RECORDED DATA:
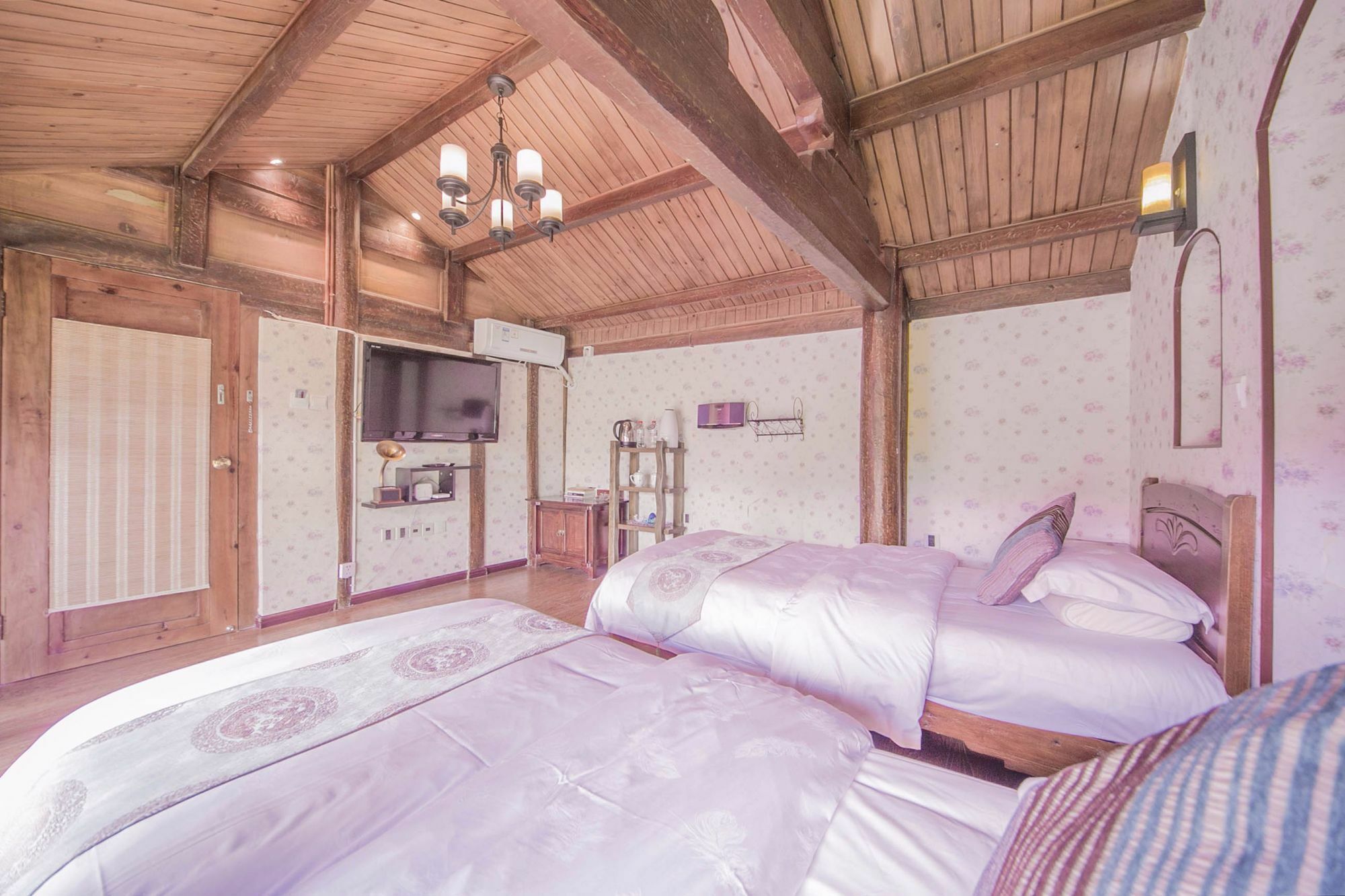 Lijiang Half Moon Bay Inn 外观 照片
...
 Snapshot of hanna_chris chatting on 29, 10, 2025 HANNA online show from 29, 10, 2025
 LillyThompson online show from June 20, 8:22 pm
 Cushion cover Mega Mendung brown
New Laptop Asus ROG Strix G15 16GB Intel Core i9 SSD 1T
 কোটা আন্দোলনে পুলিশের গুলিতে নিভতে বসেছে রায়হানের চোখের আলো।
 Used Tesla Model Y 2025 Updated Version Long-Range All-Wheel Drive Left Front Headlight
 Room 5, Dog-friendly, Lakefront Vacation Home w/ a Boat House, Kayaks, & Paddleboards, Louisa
* * *
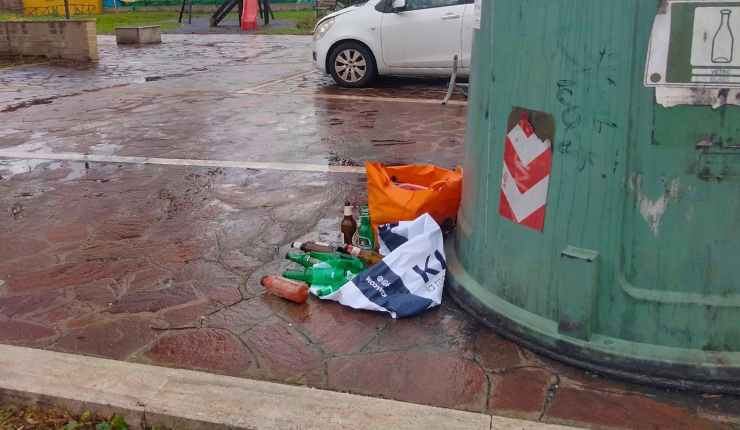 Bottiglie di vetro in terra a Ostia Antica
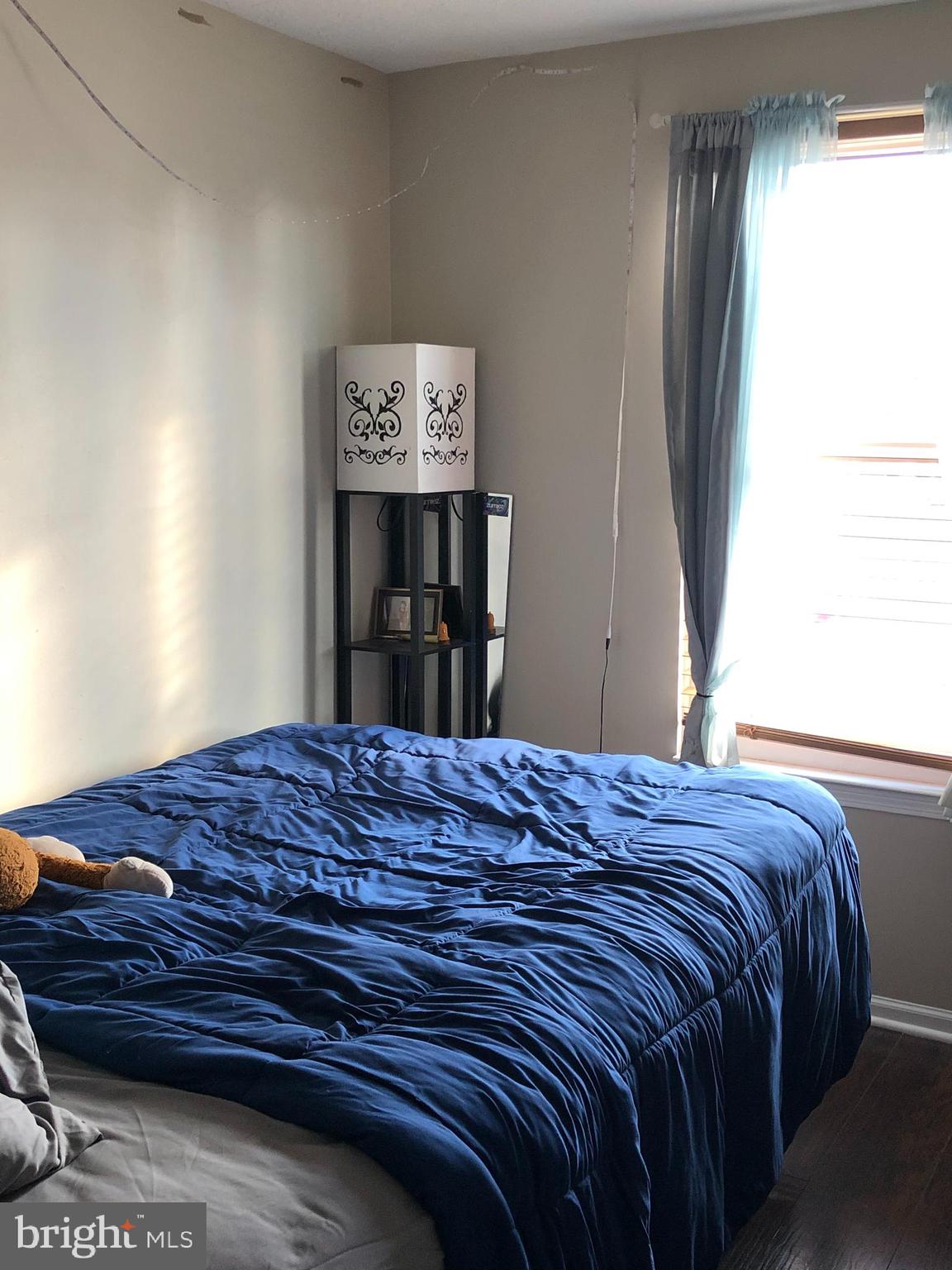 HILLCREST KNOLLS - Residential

PROBLEM: Output exactly one stretch of the listing: from the line containing "LillyThompson online show" through the line containing "Room 5, Dog-friendly, Lakefront", both end lines included.

EXERCISE ANSWER:
 LillyThompson online show from June 20, 8:22 pm
 Cushion cover Mega Mendung brown
New Laptop Asus ROG Strix G15 16GB Intel Core i9 SSD 1T
 কোটা আন্দোলনে পুলিশের গুলিতে নিভতে বসেছে রায়হানের চোখের আলো।
 Used Tesla Model Y 2025 Updated Version Long-Range All-Wheel Drive Left Front Headlight
 Room 5, Dog-friendly, Lakefront Vacation Home w/ a Boat House, Kayaks, & Paddleboards, Louisa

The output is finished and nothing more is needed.